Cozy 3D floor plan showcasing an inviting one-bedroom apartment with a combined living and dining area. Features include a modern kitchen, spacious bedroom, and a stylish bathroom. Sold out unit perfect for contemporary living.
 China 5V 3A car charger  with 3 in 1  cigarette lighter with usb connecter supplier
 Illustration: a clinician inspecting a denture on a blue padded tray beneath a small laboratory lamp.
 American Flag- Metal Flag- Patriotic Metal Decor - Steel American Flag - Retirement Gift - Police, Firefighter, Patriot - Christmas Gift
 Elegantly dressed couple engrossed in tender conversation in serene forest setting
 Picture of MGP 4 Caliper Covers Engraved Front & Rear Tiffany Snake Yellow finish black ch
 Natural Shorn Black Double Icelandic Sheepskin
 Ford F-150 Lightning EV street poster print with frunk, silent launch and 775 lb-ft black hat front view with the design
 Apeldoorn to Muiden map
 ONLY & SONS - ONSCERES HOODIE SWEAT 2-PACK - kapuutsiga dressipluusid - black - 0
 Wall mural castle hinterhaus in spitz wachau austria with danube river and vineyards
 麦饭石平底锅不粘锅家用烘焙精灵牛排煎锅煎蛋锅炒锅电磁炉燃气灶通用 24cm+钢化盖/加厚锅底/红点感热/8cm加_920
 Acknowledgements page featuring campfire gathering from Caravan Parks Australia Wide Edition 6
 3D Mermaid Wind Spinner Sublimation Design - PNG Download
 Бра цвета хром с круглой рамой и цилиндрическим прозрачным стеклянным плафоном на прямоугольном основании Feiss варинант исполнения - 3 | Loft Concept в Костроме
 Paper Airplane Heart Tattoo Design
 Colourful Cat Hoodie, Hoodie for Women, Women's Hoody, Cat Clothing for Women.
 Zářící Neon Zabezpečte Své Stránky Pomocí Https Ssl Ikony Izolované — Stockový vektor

◇ ◇ ◇ ◇

Exercise instructions
Lines from the top of the entries through the line with "Picture of MGP" are to be transcribed exactly, and nothing more.

Response box
Cozy 3D floor plan showcasing an inviting one-bedroom apartment with a combined living and dining area. Features include a modern kitchen, spacious bedroom, and a stylish bathroom. Sold out unit perfect for contemporary living.
 China 5V 3A car charger  with 3 in 1  cigarette lighter with usb connecter supplier
 Illustration: a clinician inspecting a denture on a blue padded tray beneath a small laboratory lamp.
 American Flag- Metal Flag- Patriotic Metal Decor - Steel American Flag - Retirement Gift - Police, Firefighter, Patriot - Christmas Gift
 Elegantly dressed couple engrossed in tender conversation in serene forest setting
 Picture of MGP 4 Caliper Covers Engraved Front & Rear Tiffany Snake Yellow finish black ch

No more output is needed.